* **The problem**
The data below should be copied out exactly, with its pictures omitted.

* **Dataset extract**
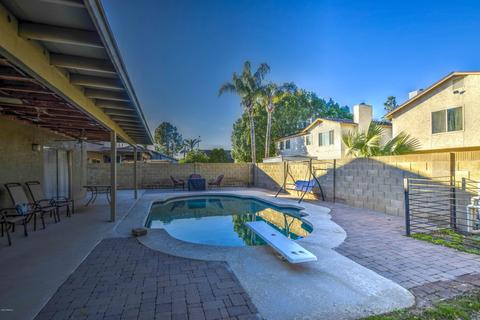 3012 E Harmony Cir, Mesa, AZ 85204 photo 58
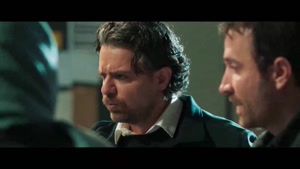 افعی تهران قسمت سوم | پیمان معادی و الناز شاکردوست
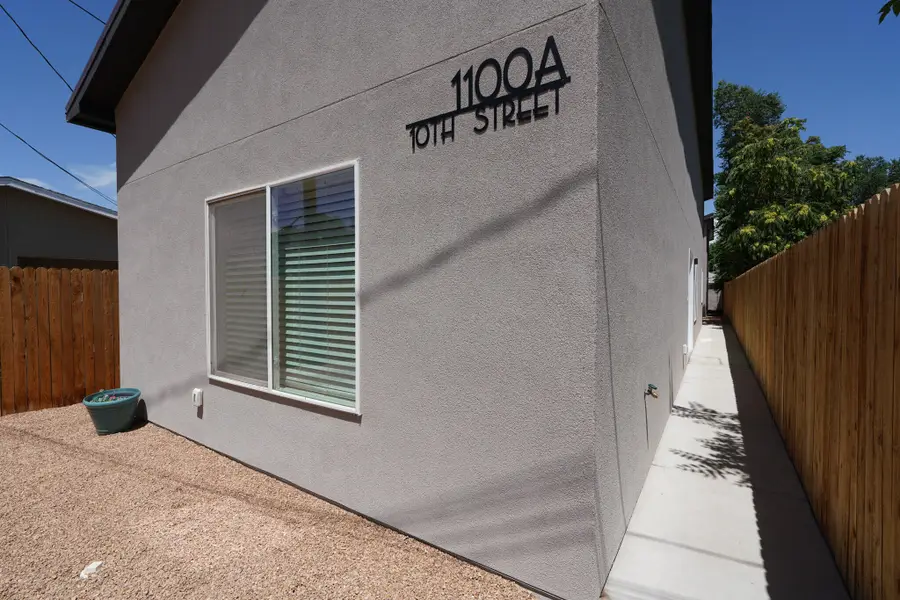 1100A 10th Street Sw, Albuquerque, NM 87102 - #2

* **Solution to this exercise**
 3012 E Harmony Cir, Mesa, AZ 85204 photo 58
 افعی تهران قسمت سوم | پیمان معادی و الناز شاکردوست
 1100A 10th Street Sw, Albuquerque, NM 87102 - #2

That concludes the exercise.